Somewhere between these two regions, which differ by only a few factors, exists the intersection for public archives. Typically denoted “public records”, public databases provide native search functions yet they are often made more accessible from commercial background records search utilities. According to the Background Records blog there are many, many public record Web databases, all of which can be searched in some way. Some of them are indexed in Bing and Google but many of them can only be searched by their own tools or by third-party indexes.
These background records most often come from federal or state archives although some are published by for-profit archives, like business and telephone directories, class or school reunion sites, and so on. In the same way a job site exemplifies typical people records management, these archives exemplify “life records” management. And for all that popular models relate public records with records from government archives.
In fact, one area where public records search is fast becoming important is in processing job applicants. Human resource managers may run very quick searches on potential new hires to see where they have lived and worked, and if they have any criminal background information. This kind of fact-checking may turn up questions about information provided on (or omitted from) job applicants’ resumes.
When you decide to sift through public data to learn about a job applicant, if only to do a detailed background review, you may not have time or the proper resources to search through that much data. This is why the people search industry has become big commerce. I have been told that a number of financial analysts from several sources count the industry’s annual revenues in the billions of dollars. And the reason why they make so much money is that finding all that information is just impossible for any one individual.
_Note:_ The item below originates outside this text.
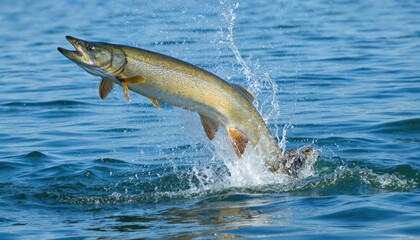 Fototapeta premium Fish leaps out of water with body extended diagonally. Gray and brown hues on fish body, vibrant green on fins. Calm blue water background provides contrast to fish motion.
It may sound cheesy to say so, but typical Web search only lightly brushes the volume of the data universe. The people search industry faces an uphill climb even though it is only focused on a small portion of the entire Internet. In addition to finding the information, sorting it out and producing high-quality reports is not very easy. Quite a few academic papers talk about the reliability and economics of background checks. One lesson we should learn from all this is that the quality of your online background profile may have a very significant impact on your lifestyle, and maybe there is very little you can do about that.